## Data block
§
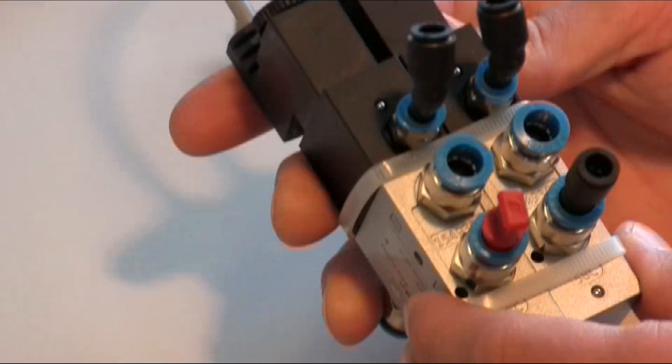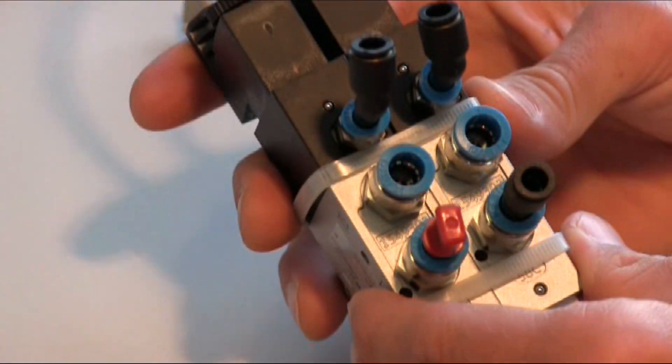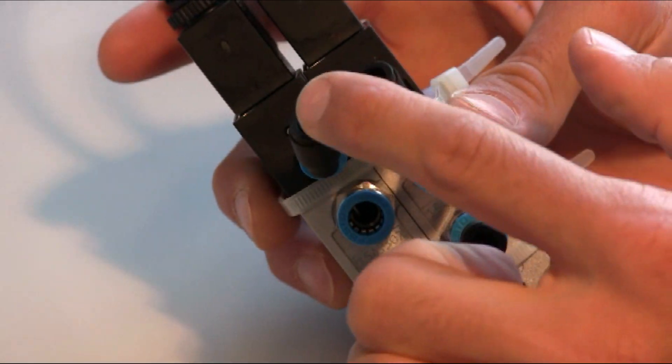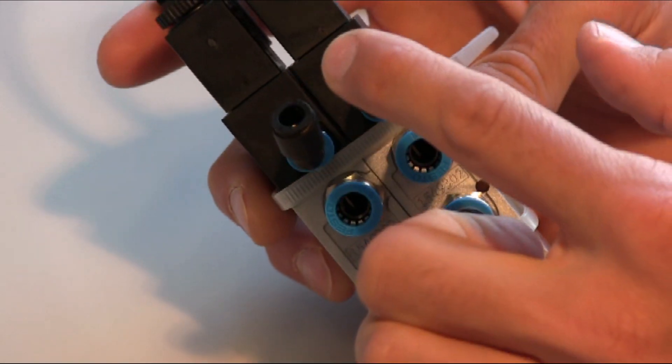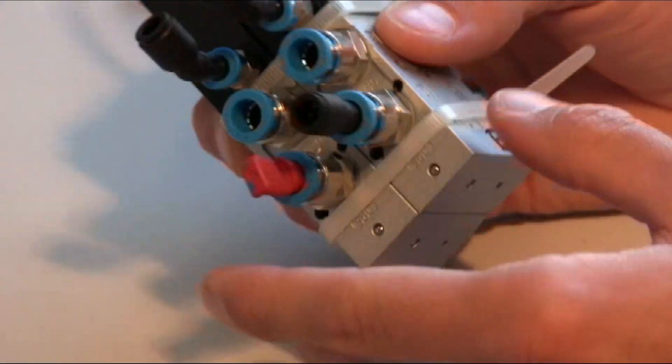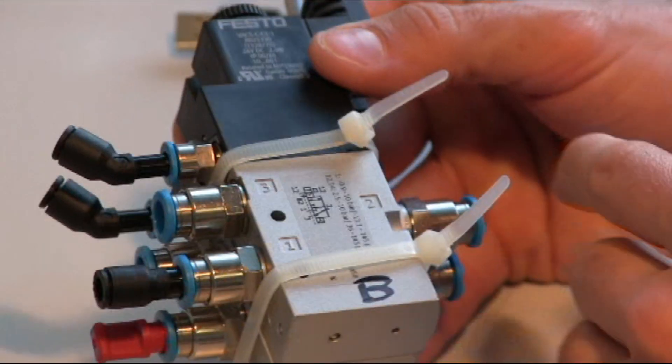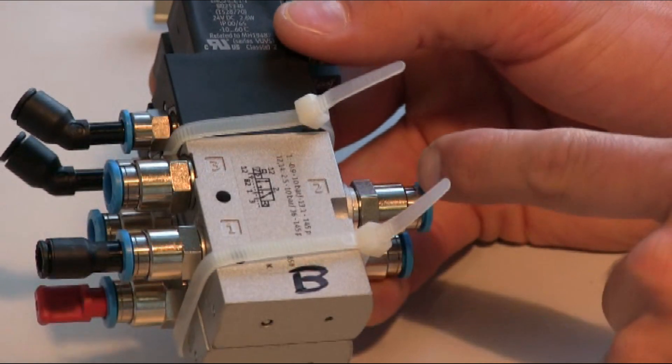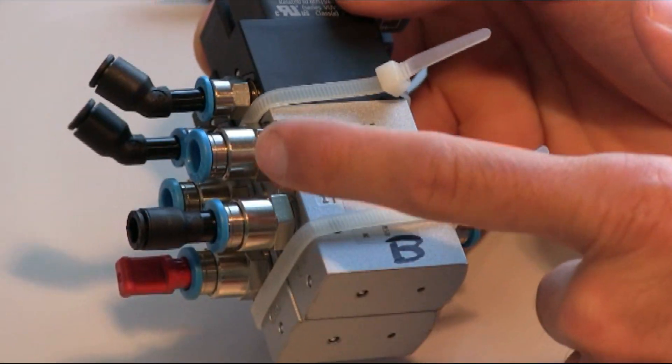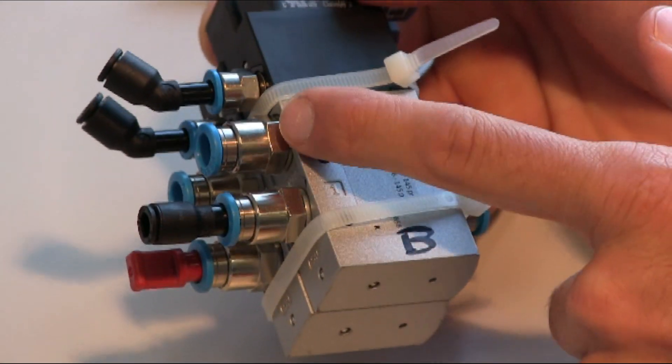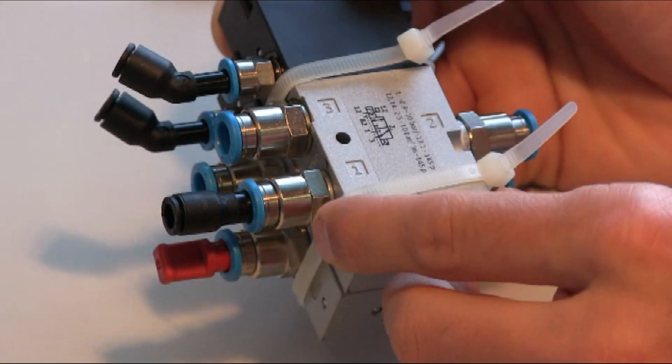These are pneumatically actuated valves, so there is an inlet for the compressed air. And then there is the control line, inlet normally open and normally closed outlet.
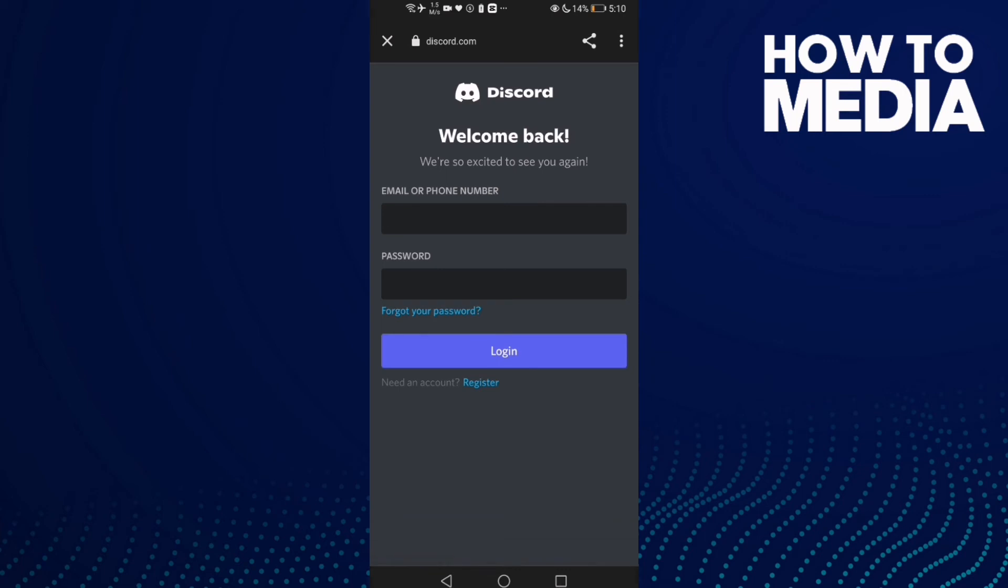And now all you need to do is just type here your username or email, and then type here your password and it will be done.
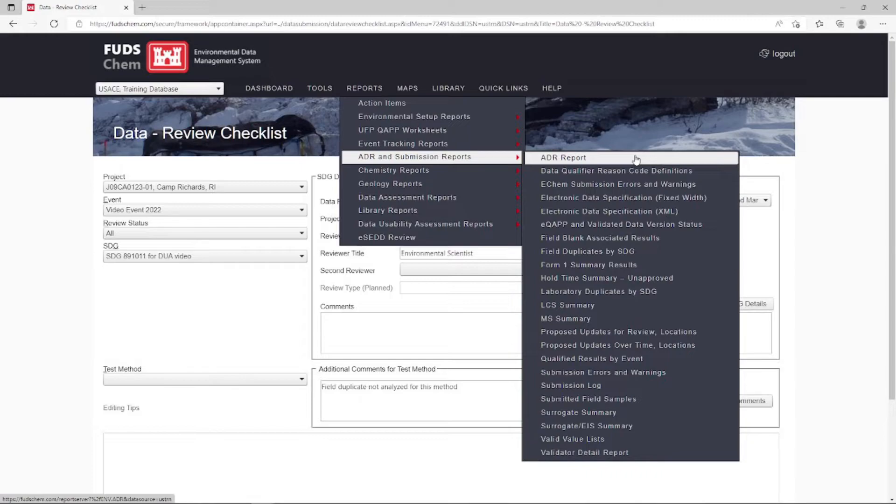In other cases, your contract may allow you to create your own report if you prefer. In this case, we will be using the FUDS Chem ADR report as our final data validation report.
§
Each line above should be returned exactly as written, apart from any pictures.

## Finished exercise
These are pneumatically actuated valves, so there is an inlet for the compressed air. And then there is the control line, inlet normally open and normally closed outlet.
And now all you need to do is just type here your username or email, and then type here your password and it will be done.
In other cases, your contract may allow you to create your own report if you prefer. In this case, we will be using the FUDS Chem ADR report as our final data validation report.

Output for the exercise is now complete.